I have never played a game with an Octagonal grid that was fun. It’s frustrating on its own in regards gaveling to move between different tile sizes that may have different movement rules, but with terrain effects that tedium is magnified. Additionally hex does everything it does, with multiple moves per turn such as two, you get 12 movement directions,
Discreet tiles, of any sort, turn games into a matter of chess-like positioning and units. Having time interval into turns allows for flawless execution of synchronizated of operations and extreme micro management. The result is mundane counter pushing where in the strategic picture matters less than optimally solving the localized puzzle. There really is no strategic thought and the low level stuff has no bearing on tactics. Ironically enough hexes are around because boomer are stuck in the 70s. Consequently wargames have yet to adapt to the computer.
name a single hex based game that isn't for fricking NERDS. thought not.
>name a single hex based game that isn't for fricking NERDS. thought not.
battle brothers.

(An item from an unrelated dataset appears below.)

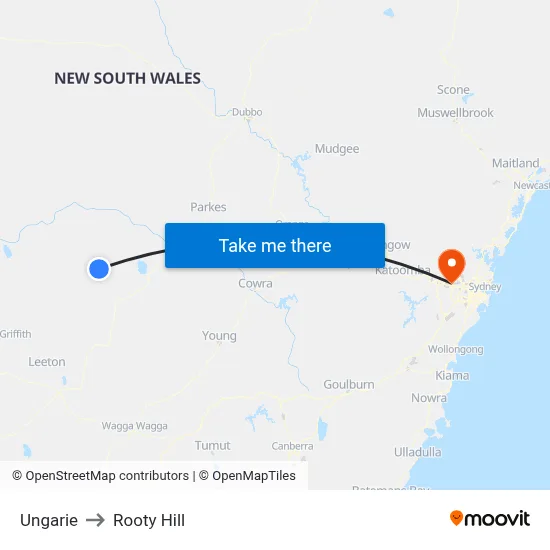 Ungarie to Rooty Hill map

Yes its for nerds but its fun
HoMM3. You dad love it, zoomie.
hoi3 smol provinces is superior
to really work best any grid must be small enough to not matter if hex or square so the movement is seemingly seamless without awkward jumps and skips.
thus coordinates and free movement are superior, the only good alternative is like
said and just make it a province hopping, map painter, risk clone while maintaining the look of a map.

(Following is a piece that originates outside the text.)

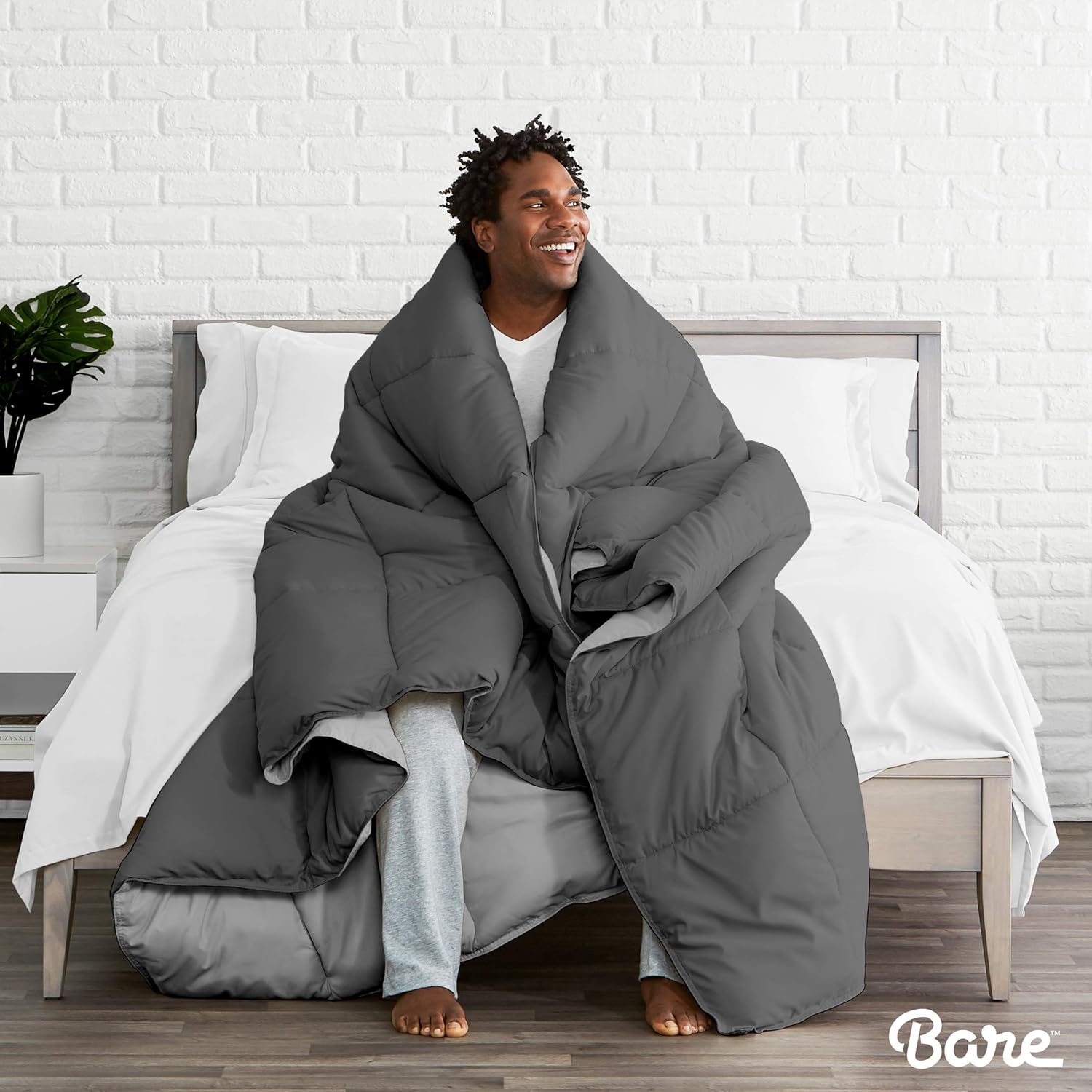 Bare Home Reversible Comforter - Twin/Twin Extra Long - Goose Down Alternative - Ultra-Soft - Premium 1800 Series - Hypoallergenic - All Season Breathable Warmth (Twin/Twin XL, Grey/Light Grey): Home & Kitchen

big squares and hexes should be confined to board games.
truth
>freedom of movement
Except if you want to move in a straight line lmao
And bait requires to be believable
where is the hex based tactical game that is better than x-com or jagged alliance?
There was that Flash game called Mission in Space: The Lost Colony.
>Square with corners modeled: 6 sides
>Hexagon: 6 sides
What's the difference besides one looking uglier?
Are you actually moronic. Can you not count to 8?
6 and more are just meme numbers, no human can count more than his fingers.
>too stupid for hex grids
Yes, and?
I prefer Penrose tiles or Smith–Myers–Kaplan–Goodman-Strauss tiles. Why has nobody made a game with them yet?
Triangles.
i like pentagons the best, mostly due to either havin 1 front, 2 side and 2 back diractions, or 2 front 2 rear-side and 1 back direction. Makes unit front positioning more fun.
I present my four squares per unit system. This way you could have both square movement and hexagonal.
(never mind that it would be a nightmare figuring out what each move costs, since the cardinal-directioned "hexagons" would have a different distance compared to the non-cardinal directioned ones)
>"just frick my shit up"
>he doesn't play strategy games on a hypercube-based grid
imagine have sub 200 IQ
I love hex wargaming. No one will take it away from me
square grids are easier to code
Hexagons are fricking ugly. Therefore they're shit.